Quand nous sommes arrivés, nous avons estimé, avec les membres de mon équipe, qu’il était temps d’apporter au Festival une nouvelle inspiration – sans rien oublier de ce qu’il proposait jusqu’à présent. Nous voulions, notamment, pouvoir présenter aussi des spectacles un peu différents. Nous avons donc décidé de rebaptiser l’événement Festival Lyrique. C’est la formule que nous inaugurons, cette année, sous le marrainage d’Ève Ruggieri, que je suis très honorée de recevoir à Aix-les-Bains. Je tenais, également, à construire une véritable vie de festival en dehors des concerts. Ève proposera donc une conférence sur la cantatrice Hortense Schneider, créatrice de nombre de grands rôles d’Offenbach, le baryton-basse et metteur en scène Jean-François Vinciguerra emploiera sa verve légendaire pour évoquer le compositeur Hervé, qui a fait découvrir Offenbach, et enfin, un concert narratif mettra en avant un autre aspect de la vie de ce grand nom de l’opérette : sa carrière de violoncelliste. Je souhaite vraiment que ce festival ne soit plus seulement un enchaînement de productions. En effet, même si nous n’en présentons qu’une seule, cette année, il y en aura deux, à l’avenir – chacune avec un chef et un metteur en scène différents –, et ensuite, peut-être même trois !

Parlons justement de la production de cette année : La Belle Hélène

Nous reprenons la mise en scène que Jean-François Vinciguerra avait conçue, en 2010, pour le Festival de Lacoste, mais nous allons y intégrer un ballet, dont je vais réaliser la chorégraphie : ce sera donc une création commune. Le chef Bruno Conti, grand habitué du Festival et de son Orchestre (qui est constitué de professeurs des Conservatoires de la région), travaillera à partir de l’édition critique de Jean-Christophe Keck – nous y tenions beaucoup, pour la précision de la partition. La « Berceuse » de Pâris, qui a longtemps été systématiquement coupée, retrouvera donc sa place, ce qui rend la dramaturgie beaucoup plus logique. Sur scène, nous accueillerons des solistes de renom, comme la mezzo-soprano française Valentine Lemercier et le ténor malgache Blaise Rantoanina.

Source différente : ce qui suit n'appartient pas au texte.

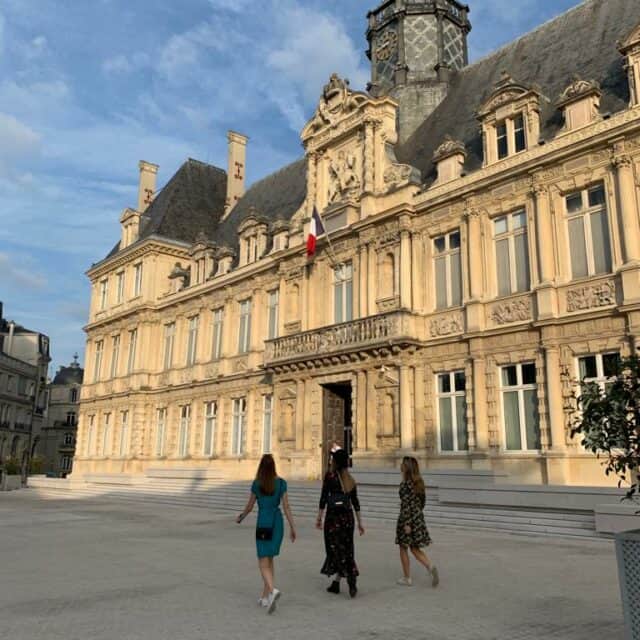 people walking on the street in front of a building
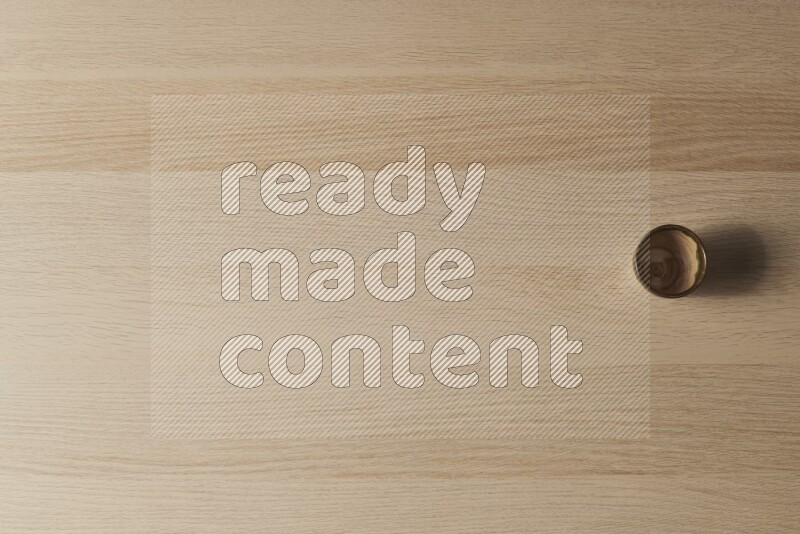 A pottery cup on light wooden background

Le 10 juin (1), vous aurez présenté Princesse Czardas, avec l’Orchestre et le Chœur du Festival, dans le cadre de la 10e édition des Theatre Olympics, qui a lieu à Budapest…

Princesse Czardas était à l’affiche du Festival, l’été dernier, et le Budapest Operetta Theatre recherchait des productions de ce titre issues de plusieurs pays, afin que celui-ci soit présenté dans différentes langues. Les organisateurs m’ont donc contactée, et nous avons accepté avec joie. À l’avenir, j’aimerais beaucoup que nous ayons, chaque année, une production en ­dehors du Festival. Et puis, j’ai un autre projet, que je chuchote, car rien n’est encore fait, ni décidé : une petite saison d’hiver…

(1) L’entretien a été réalisé le 24 mai 2023.